# TASK STATEMENT:
Copy, word for word, the lines of the listing below from the line with "The Other AI: Breeding" up to and including the line with "Cyclamen persicum small". Drop the pictures.

# DATA FOR ANALYSIS:
--

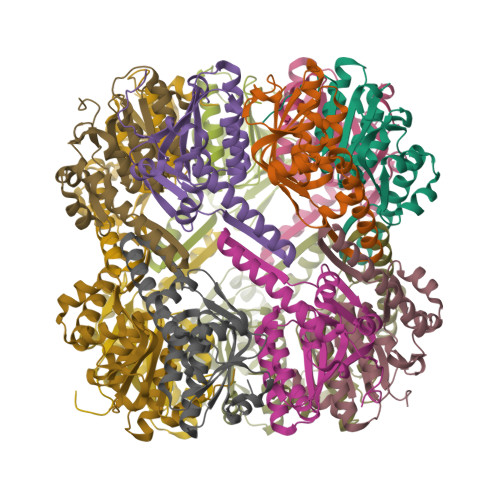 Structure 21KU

--

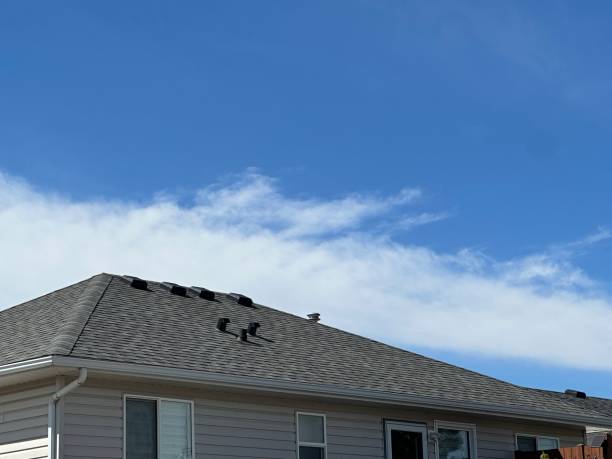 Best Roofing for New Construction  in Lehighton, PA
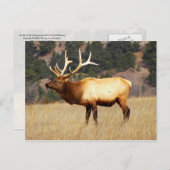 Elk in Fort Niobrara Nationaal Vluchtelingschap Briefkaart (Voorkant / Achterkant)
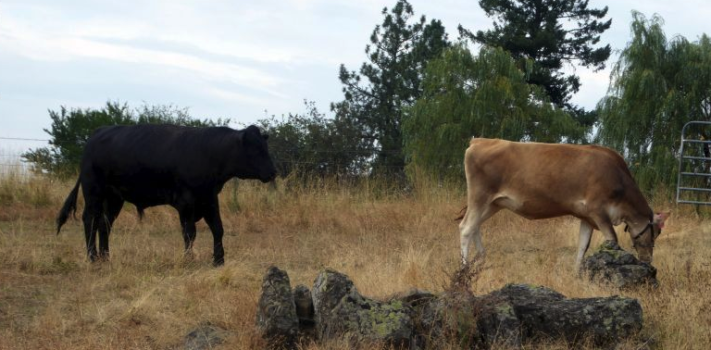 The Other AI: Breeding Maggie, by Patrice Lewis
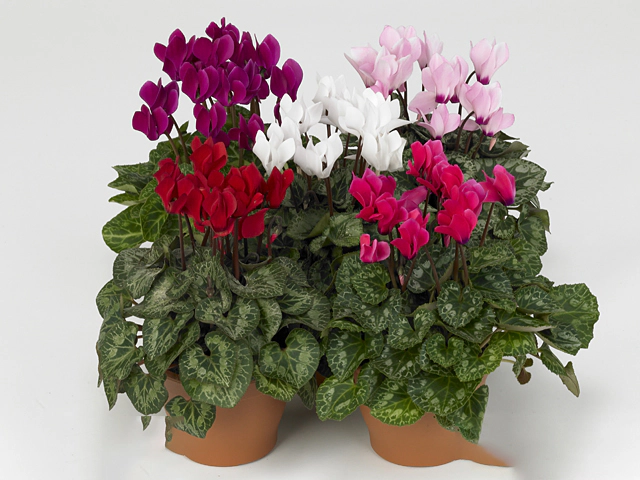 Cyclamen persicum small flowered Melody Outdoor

--

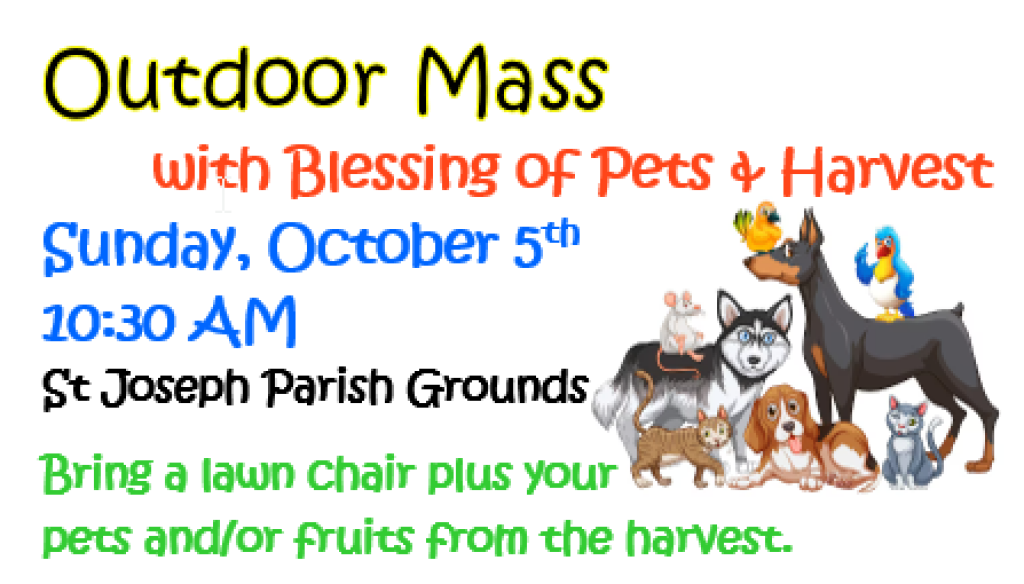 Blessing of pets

--

# ANSWER TO THIS EXERCISE:
 The Other AI: Breeding Maggie, by Patrice Lewis
 Cyclamen persicum small flowered Melody Outdoor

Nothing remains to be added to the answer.